For my Ph.D. dissertation, I studied a unique plant community aptly named the “pygmy forest” that occurs in patches along the coast of Northern California. Plants of the pygmy forest are severely stunted, due to acidic, shallow soil that is extremely low in vital nutrients. In places, these trees remain only head-height, despite being several decades old. When transplanted onto richer soils, however, these trees can grow to full height (to the dismay of gardeners who want ready-made, cute bonsai trees).
For the first chapter of my thesis, I examined how the leaves of pygmy plants function, and I compared them to leaves of same-species plants growing nearby, outside of the pygmy forest. I had hypothesized that the growth of the pygmy plants was so stunted because their leaves weren’t able to photosynthesize quickly. The process of photosynthesis requires enzymes and pigments that take a lot of nutrients to build, so it makes sense that plants on low-nutrient soils would have some difficulty with photosynthesis. However, I found that most pygmy forest plants have similar rates of photosynthesis as non-pygmy forest plants. Instead, pygmy plants often grow fewer leaves: instead of producing many leaves that they don’t have enough nutrients for, they grow a few leaves that they can invest more of their nutrients into. They also grow thicker/tougher leaves, so that their few, high-quality leaves are less likely to be eaten by deer, damaged by fungi, broken by passing animals, or otherwise lost.

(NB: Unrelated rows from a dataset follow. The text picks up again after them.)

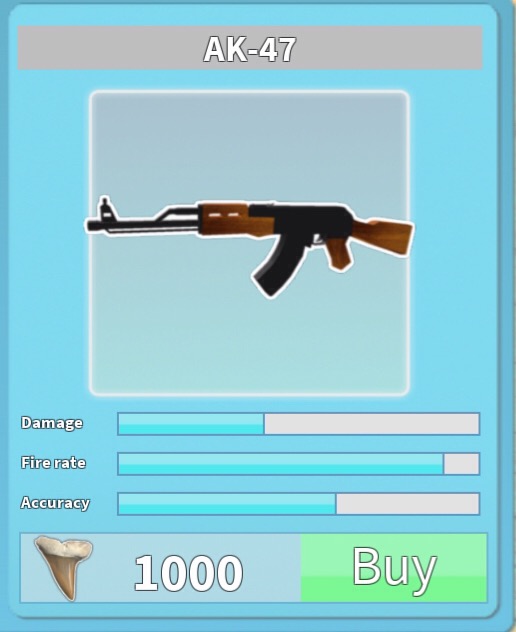 Weapons Roblox Shark Bite Wiki Fandom - roblox code for weapons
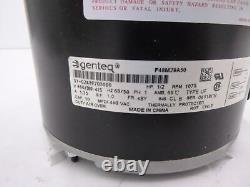 Genteq F48M29A50 Condenser Fan Motor 1/2 HP 1075 RPM 1 PH 1.35 A 60/50HZ 460VAC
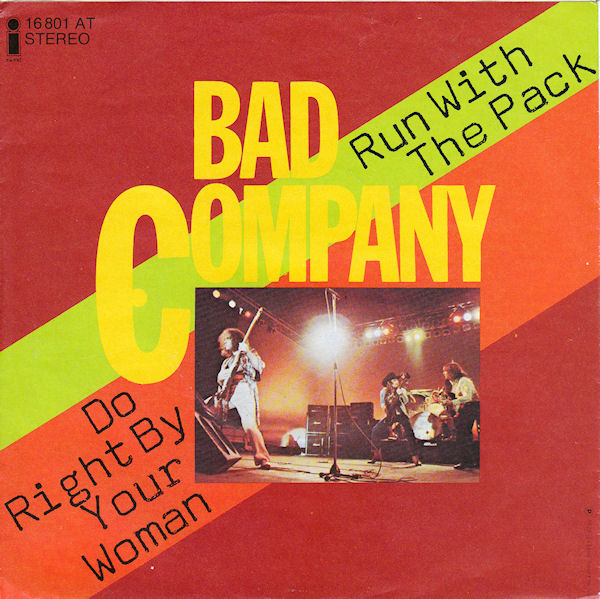 BAD COMPANY - Run With The Pack cover 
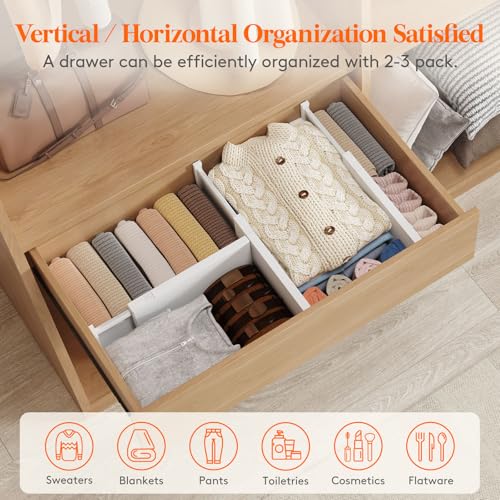 6" Tall Upgrade Drawer Dividers (6"H, 13.5-22"L)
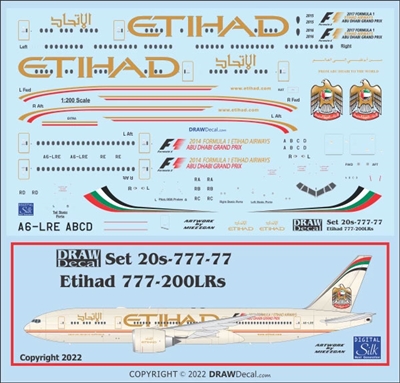 1:200 Etihad Boeing 777-200LR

For my second chapter, I examined how the pygmy plants deal with water. I knew from prior research that the pygmy forest plants don’t experience much water stress throughout the year (Sholars 1982), and I confirmed this during the 2014 drought. I hypothesized that the pygmy forest plants would be more vulnerable to damage from water stress, because they are already so nutrient stressed. However, I found that different species of plants respond very differently. In two species, Bolander pine and Mendocino cypress, the pygmy plants were just as resistant to water stress as non-pygmy plants of the same species growing within a few miles. In one species, Labrador tea, the pygmy plants were more vulnerable to water stress. Finally, in a fourth species, redwood, the pygmy plants were more resistant to water stress. Thus, it is clear that nutrient limitation and stunted growth can affect how plants resist water stress, but we’re not sure exactly why the species differ in their response. However, you may want to avoid fertilizing redwood trees if you want them to survive drought!
For the third chapter of my thesis, I examined different patches of pygmy forest. Some patches are more stunted, remaining only waist-height, while other patches grow taller and reach over head-height. I hypothesized that fewer plant species would be able to survive in the pygmy forest compared to nearby tall forests, because it is difficult for plants to grow in the pygmy forest. However, I discovered that the patches with the most species were the intermediate sites! The most stunted pygmy forest patches typically had only 3-6 species, and the tall conifer forest patches had 5-8 species, while the pygmy forest patches that were only somewhat stunted (12-20 ft trees) had 6-12 species. In other words, there were some plants that could not survive in the tall forest, and some plants that could not survive in the most stunted patches of pygmy forest, but almost all of the plants I saw in either location could survive in the transition zone between the pygmy forest and the tall forest, where trees are only somewhat stunted. I also saw some interesting patterns in how related plants were to each other: the most stunted sites had the most closely related plants. So, I think it is great that our State Park system preserves both the extremely stunted pygmy forest patches, which are stunning to see in person, as well as the areas where plants are less stunted and the most species can survive.
Overall, Mendocino’s pygmy forest is a great place to study how plants grow and survive while nutrient-limited. If you are passing by the town of Mendocino, I definitely recommend stopping by the pygmy forest! There’s a great place to park and walk on a short boardwalk to see the pygmy forest down Little River Airport Road. There’s also a longer hike in Jug Handle State Natural Reserve where you can walk from the beach and see the transition from beach, to tall conifer forest, to pygmy forest. (As of 2019, parking in both locations was free.)